Dari banyak nama group besar dengan basis bisnis ekosistem digital di Indonesia, nama Sinar Mas paling banyak disebut. Meski hingga saat ini belum ada konfirmasi mengenai rumor yang beredar, tetapi banyak pihak sudah berspekulasi soal kemungkinan kerja sama strategis antara konglomerasi Indonesia-China ini.

Dari berbagai lini bisnis yang dimiliki Sinar Mas, Smartfren yang disinyalir memiliki posisi nilai tawar kuat untuk diakusisi Alibaba. Maklumlah, Smartfren yang sedang uji kelaikan teknologi 5G ini dianggap sejalan dengan ambisi Alibaba untuk memperkuat bisnis broadband.

“Menurut saya Alibaba tetap akan melakukan ekspansi di negara negara yang pasarnya besar termasuk Indonesia Mengenai siapa mitranya yang akan diajak, Pertama tergantung kedekatannya dengan calon mitra. Kedua, tergantung skema kerjasama apa yg ditawarkan, jika lebih menguntungkan pasti dilirik,” terang Esther, saat ditanya kemungkinan kolaborasi itu.

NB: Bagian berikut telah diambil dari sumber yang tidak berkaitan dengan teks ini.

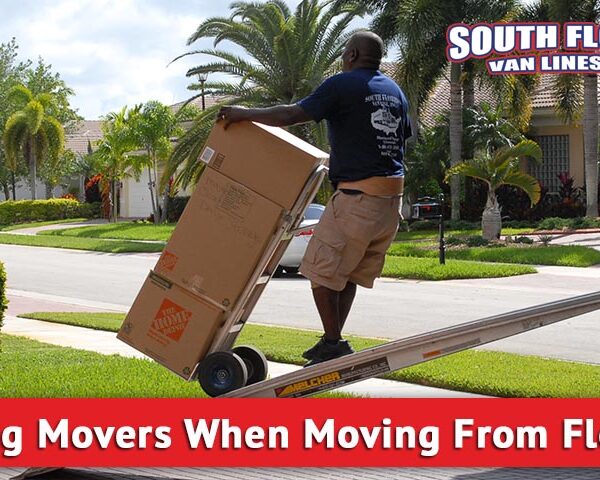 Moving From Florida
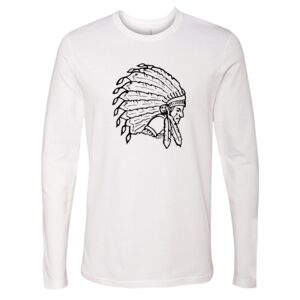 Cotton Long Sleeve T-Shirt Thumbnail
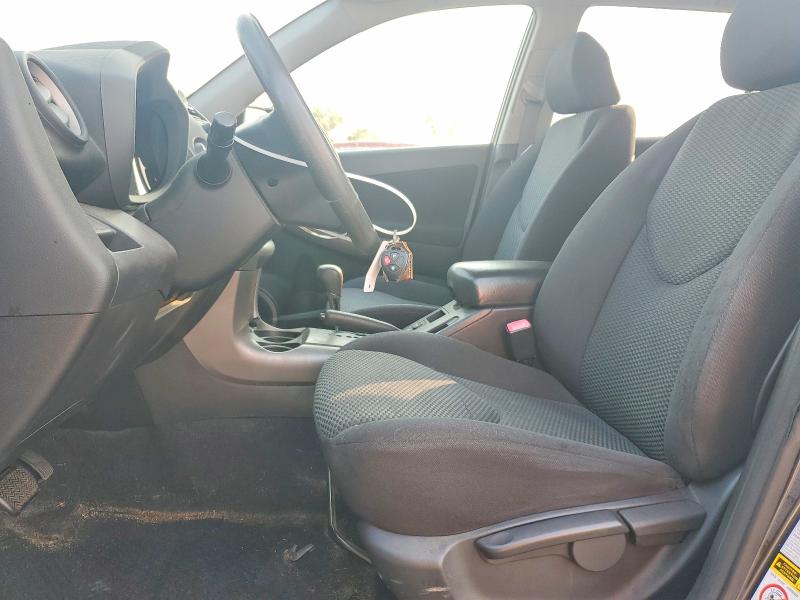 Photo 7 from auction – 2007 TOYOTA RAV4 with VIN JTMBD32V975104006
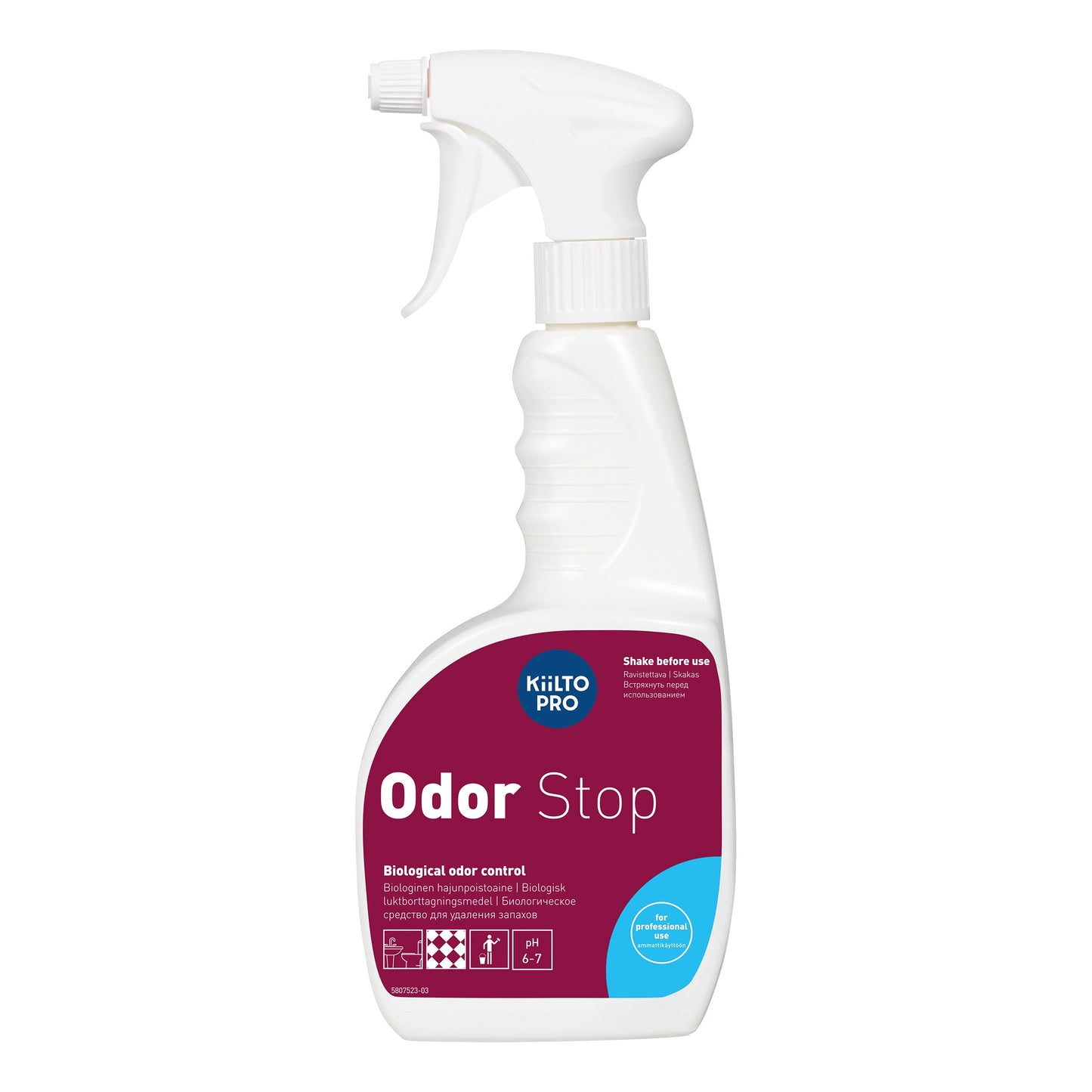 Kiilto Odor Stop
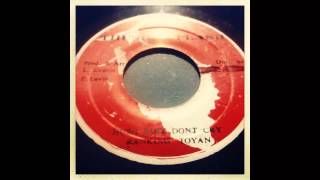 Toyan - Hush Baby Don&#39;t Cry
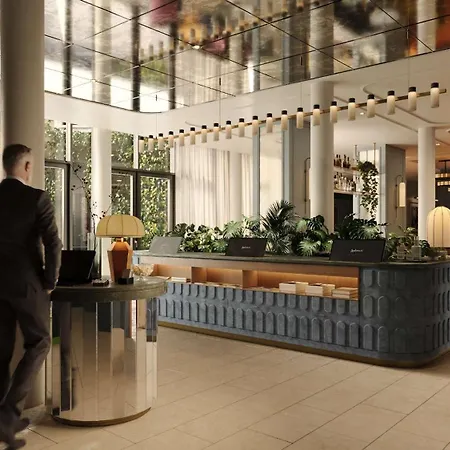 Radisson Blu Triest Hotel, Hotel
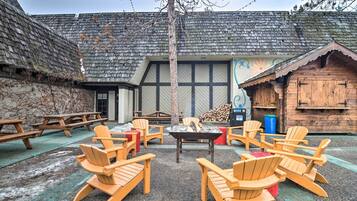 Apartment (0 Bedroom) | Bahagian dalam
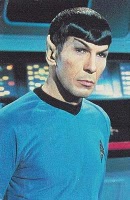 Spock as Wisdom Figure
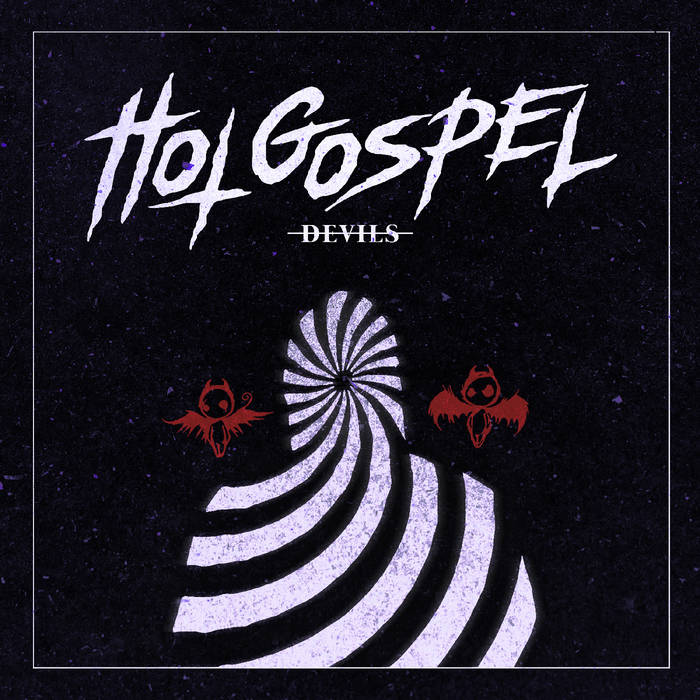 HOT GOSPEL - Devils cover 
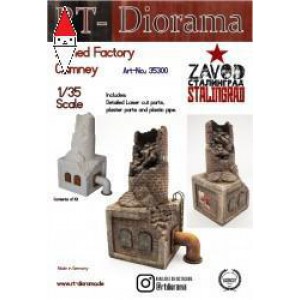 KIT COSTRUZIONE RT-DIORAMA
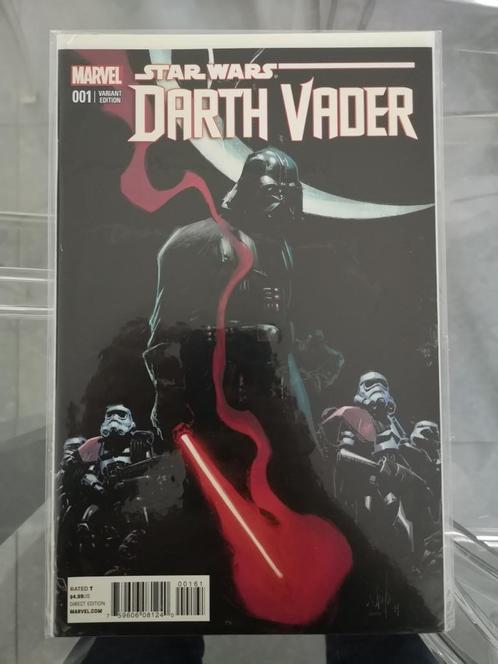 Darth Vader (vol.1) #1 Whilce Portacio variant (2015), Boeken, Strips | Comics, Nieuw, Eén comic, Ophalen of Verzenden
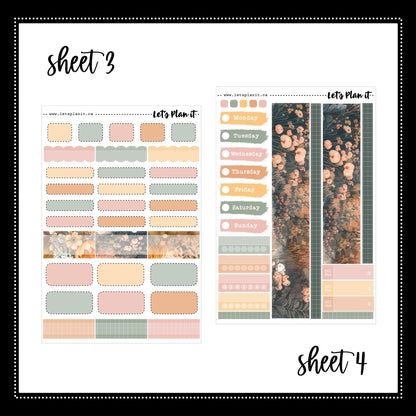 -- GRETA COLLECTION | Weekly Kits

Meski demikian, perusahaan berkode emiten FREN ini masih menyangkal kemungkinan akusisi tersebut. “Bagi Smartfren, jika dapat berkolaborasi dengan investor global diharapkan akan membuka kesempatan untuk berkembang lebih pesat. Namun, sampai saat ini belum ada kesepakatan mengenai hal ini yang bisa disampaikan kepada publik,” ujar Antony Susilo, Direktur PT Smartcom Telecom Tbk melalui pernyataan tertulis ke otoritas bursa pada Rabu (13/10).